= Josué Dubois Berthelot de Beaucours =

Canadian politician

Josué Dubois Berthelot de Beaucours (ca 1662 - May 9, 1750) was a French military officer who was chief engineer of Canada and governor of Trois-Rivières and Montreal in New France. He was also known as Jean-Maurice-Josué.

== Life ==
The son of Jacques-Hyacinthe Dubois Berthelot and Péronelle de Magnan, he was born in the chateau de Bois Berthelot at Canihuel in France and joined the French navy at the age of 20. In 1684, he was named midshipman. In 1687, he was discharged from the naval service and, the following year, became a lieutenant in the colonial regular troops of Canada. In 1689, he was charged with improving the defences of the town of Trois-Rivières due to the threat of attacks by the Iroquois. In 1692, Beaucours led a successful expedition against the Iroquois. Later that year, he drew up plans for the fortification of Quebec City against a possible English attack. He was subsequently given the post of engineer. In 1701, he was promoted to captain and, in 1702, went to work on forts in the Montreal area. In 1704 and 1705, he led a group of 120 men which took part in an expedition against the English in Newfoundland that culminated in the Siege of St. John's. On his return, Beaucours continued to work on fortifications at Montreal and Quebec City and, in 1712, he was awarded the cross of Saint-Louis and named chief engineer for Canada. Beaucours married Marie-Angélique Denys de La Ronde in 1713. In 1715, he was named chief engineer for the French colony on Île Royale and, in 1717, became king's lieutenant of Île Royale.

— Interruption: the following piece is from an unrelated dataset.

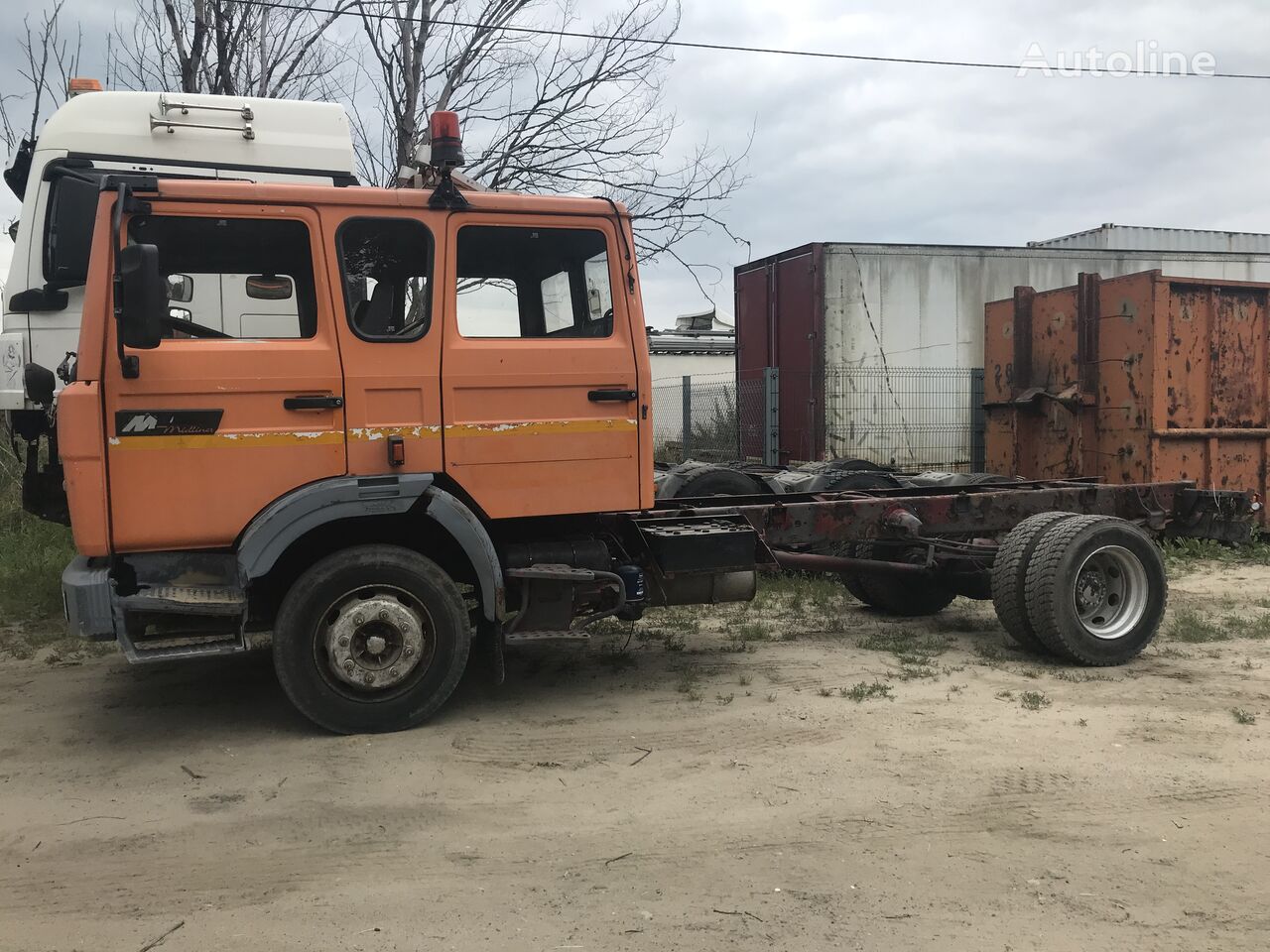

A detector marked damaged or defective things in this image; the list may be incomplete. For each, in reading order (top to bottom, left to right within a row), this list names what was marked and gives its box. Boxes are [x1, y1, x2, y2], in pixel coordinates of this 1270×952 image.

rusty metal container [985, 270, 1270, 523]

In 1730, he became governor of Trois-Rivières. Beaucours served in that post until 1733, when he was named governor of Montreal. He retired in 1748. Beaucours died in Montreal two years later.

During his life he owned 11 slaves.

==Legacy==
Beaucours street in Sherbrooke was named in his honour. Les Maisons de Beaucours in Old Quebec were also named after Beaucours.